In addition, the fusion of the two input feature streams needs to be implemented in the MLIA. The fused feature stream \(C_f\) can be computed using the following equation:

$$\begin{aligned} C_f=R\left( \text{ Concate } \left( C_1, C_2\right) * w_f+b_f\right) \end{aligned}$$
(5)

Where \(R(\cdot )\) is the ReLU activation function, w and b represent the parameters corresponding to the weight and bias of the fusion module, \(Concate(\cdot )\) represents concatenation operation of two feature streams, \(C_1\) and \(C_2\) represent the input video stream and the explicit cyclic attention stream, respectively. The MLIA module enables the modeling of spatio-temporal features with different time steps, which greatly improves the performance of the model.

3.4 Transformer block

The Transformer [32] has garnered substantial interest within the realm of computer vision due to its proven ability to capture long-range relationships. In our model, we include the Transformer block at the deepest level of the four branches drawn from encoder, which helps to leverage structural similarities between related objects in the attention and global features to better achieve pixel emphasis. Transformer is able to capture the long-range dependence of spatio-temporal features thanks to the self-attention mechanism.

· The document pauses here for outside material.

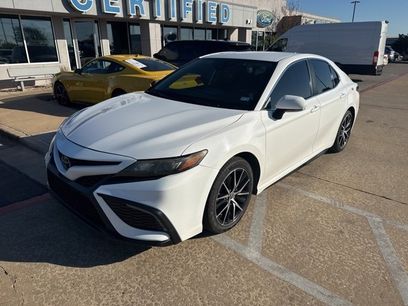 Used 2022 Toyota Camry SE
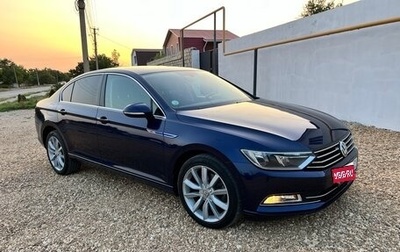 Volkswagen Passat B8 рестайлинг, 2017 год, 2 230 000 рублей, 1 фотография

It and MLIA can model the long-term spatio-temporal relationship at different levels, which significantly improves the model performance.

Fig. 5
figure 5

Transformer-based feature interaction module

The module of our Transformer block is shown in Fig. 5. Conventional Transformer models use an encoder and decoder architecture with stacked self-attention layers and point-wise, completely connected layers in both the encoder and the decoder. The encoder in our module consists of a stack of M identical layers, with two sub-layers in each layer. The first sub-layer involves a multi-head self-attention mechanism (MSA), while the second sub-layer consists of a fully connected feedforward network (FFN) equipped with a multi-layer perceptron (MLP). Two sub-layers are joined using residuals and then layer normalized (LN). For the input token \(X \in \mathbb {R}^{C \times L}\), the Transformer processes it through position encoding and two sub-layers of the encoder, as follows:

$$\begin{aligned} x_0=\left[ u_1+p_1, u_2+p_2, \ldots , u_L+p_L\right] \end{aligned}$$
(6)
$$\begin{aligned} x_m^{\prime }={\text {MSA}}\left( {\text {LN}}\left( x_{m-1}\right) \right) +x_{m-1} \end{aligned}$$
(7)
$$\begin{aligned} x_m={\text {MLP}}\left( {\text {LN}}\left( x_m^{\prime }\right) \right) +x_m^{\prime } \end{aligned}$$
(8)
$$\begin{aligned} y=L N\left( x_m\right) \end{aligned}$$
(9)

where \(p_i\) represents the position embeddings for input tokens \(u_i\), y refers to the output. M represents the number of encoders and \(m \in \{1, \ldots , M\}\). MSA builds on the self-attention mechanism, which maps queries and sets of key-value pairs to outputs. Within the MSA, each set of quiries’ attention function is calculated in parallel and combined into a matrix called Q. Similarly, matrices K and V, containing the keys and values, are packed accordingly. The MSA is calculated as follows:

$$\begin{aligned} {\text {Self}}-{\text {Attention}}(Q, K, V)={\text {softmax}}\left( \frac{Q K^T}{\sqrt{d_k}}\right) V \end{aligned}$$
(10)
$$\begin{aligned} H_i={\text {Self}}-{\text {Attention}}\left( Q W_i^Q, K W_i^K, V W_i^V\right) \end{aligned}$$
(11)
$$\begin{aligned} {\text {MSA}}(Q, K, V)={\text {Concat}}\left( H_1, \ldots , H_h\right) W^O \end{aligned}$$
(12)

where the parameter matrices \(W_i^K \in \mathbb {R}^{d_{\text{ model } } \times d_k}\), \(W_i^Q \in \mathbb {R}^{d_{\text{ model } } \times d_k}\), \(W^O \in \mathbb {R}^{h d_v \times d_{\text{ model } }}\), and \(W_i^V \in \mathbb {R}^{d_{\text{ model } } \times d_v}\). \(d_k\) represents the dimension of the query, \(d_v\) represents the dimension of the value, and \( d_{\text{ model } } \) signifies the number of dimensions in the output generated by all sub-layers and embedding layers within the model. The decoder consists of M identical layers stacked like the encoder. The decoder adds a third sub-layer, which is utilized for multi-head attention on the encoder stack’s output, in contrast to the encoder. Through the incorporation of the attention mechanism, the Transformer effectively captures long-range dependencies and alleviates the computational challenges associated with calculating self-attention relationships for extensive image and video entities.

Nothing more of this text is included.